Data records:
· · · · ·
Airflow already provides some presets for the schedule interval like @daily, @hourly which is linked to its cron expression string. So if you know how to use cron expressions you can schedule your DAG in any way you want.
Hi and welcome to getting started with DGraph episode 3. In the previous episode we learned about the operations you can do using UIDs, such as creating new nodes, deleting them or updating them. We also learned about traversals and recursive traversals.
· · · · ·
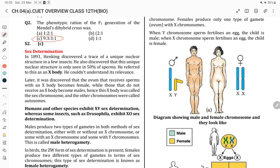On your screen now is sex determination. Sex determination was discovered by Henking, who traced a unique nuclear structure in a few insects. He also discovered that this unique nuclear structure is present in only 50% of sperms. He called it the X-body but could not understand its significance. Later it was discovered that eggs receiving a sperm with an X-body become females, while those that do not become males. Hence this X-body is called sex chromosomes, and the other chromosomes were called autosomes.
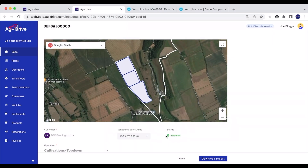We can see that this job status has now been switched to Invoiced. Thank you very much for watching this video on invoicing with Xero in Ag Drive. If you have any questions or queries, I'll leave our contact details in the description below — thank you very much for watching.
· · · · ·
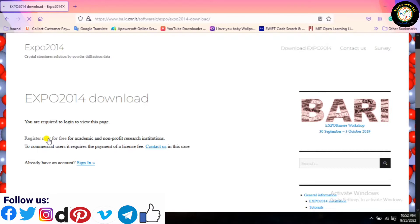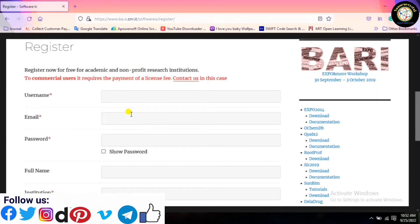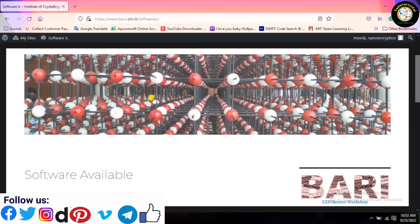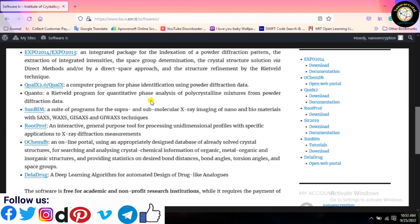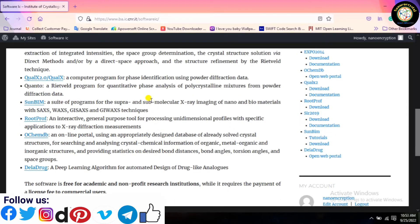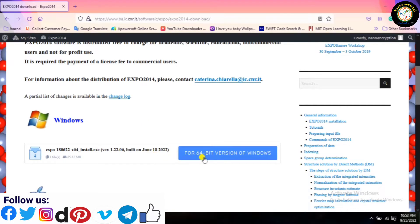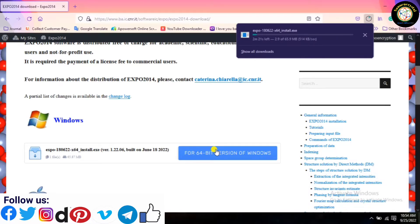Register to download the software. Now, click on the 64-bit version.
· · · · ·
Exercise details: Transcribe, exactly and without additions, the lines of the records above, beginning with the line that contains "Airflow already provides" and ending with the line that contains "Hi and welcome", both included.

Solution for this task:
Airflow already provides some presets for the schedule interval like @daily, @hourly which is linked to its cron expression string. So if you know how to use cron expressions you can schedule your DAG in any way you want.
Hi and welcome to getting started with DGraph episode 3. In the previous episode we learned about the operations you can do using UIDs, such as creating new nodes, deleting them or updating them. We also learned about traversals and recursive traversals.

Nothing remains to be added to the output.